DATA SHOWN START
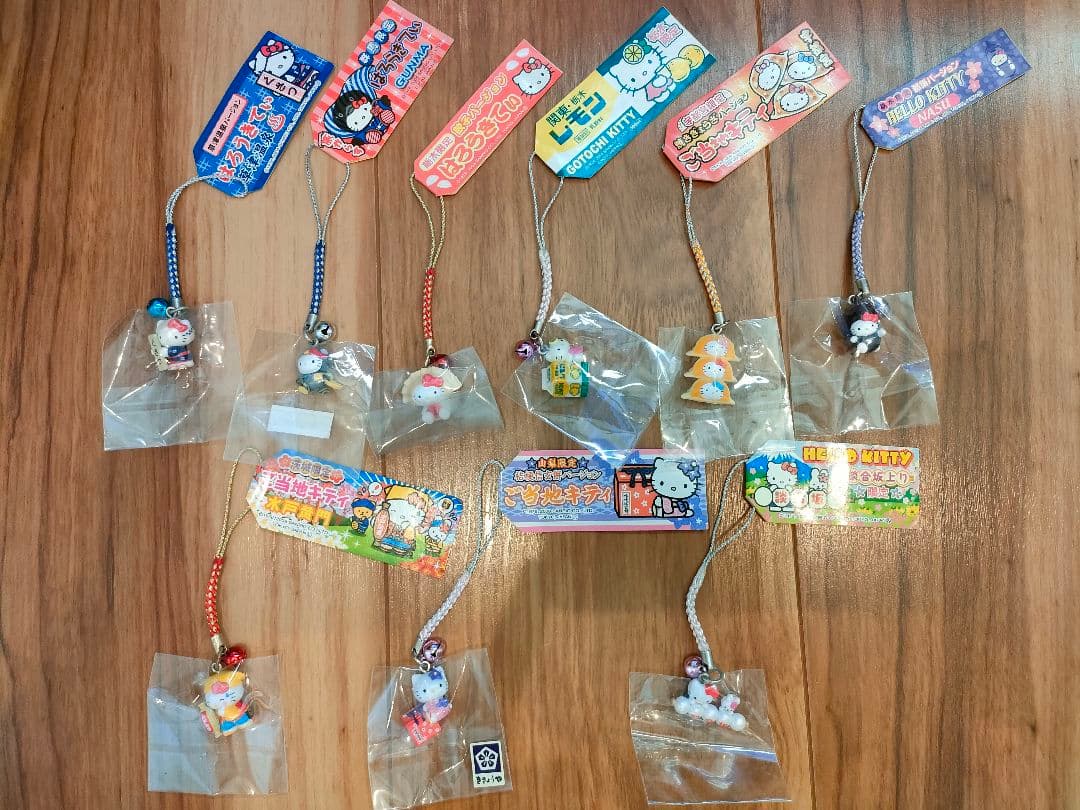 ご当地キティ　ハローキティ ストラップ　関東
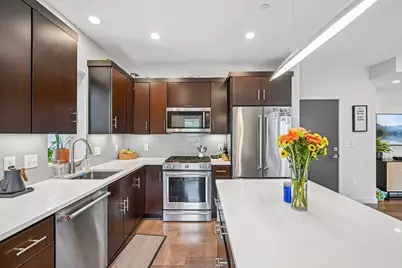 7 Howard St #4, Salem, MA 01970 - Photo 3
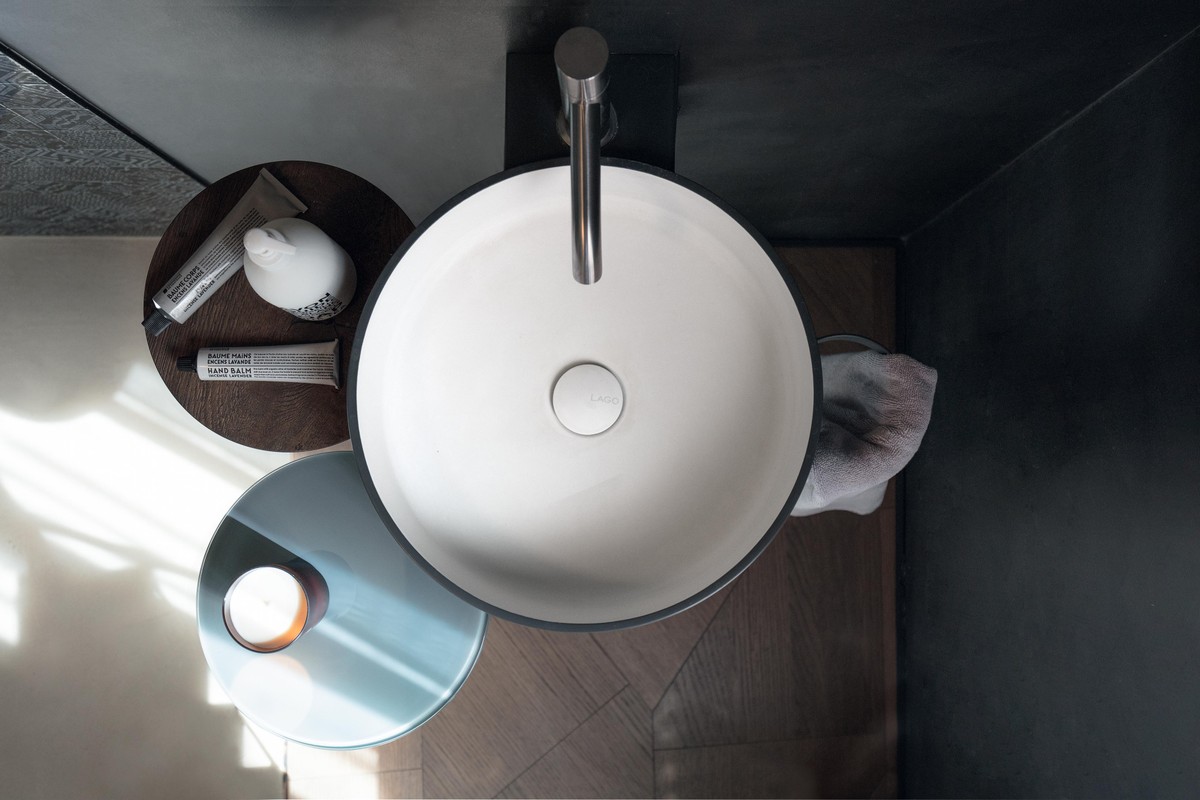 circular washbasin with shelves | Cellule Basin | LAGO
DATA SHOWN END
Would you return all the data exactly as given, minus the pictures?

 ご当地キティ　ハローキティ ストラップ　関東
 7 Howard St #4, Salem, MA 01970 - Photo 3
 circular washbasin with shelves | Cellule Basin | LAGO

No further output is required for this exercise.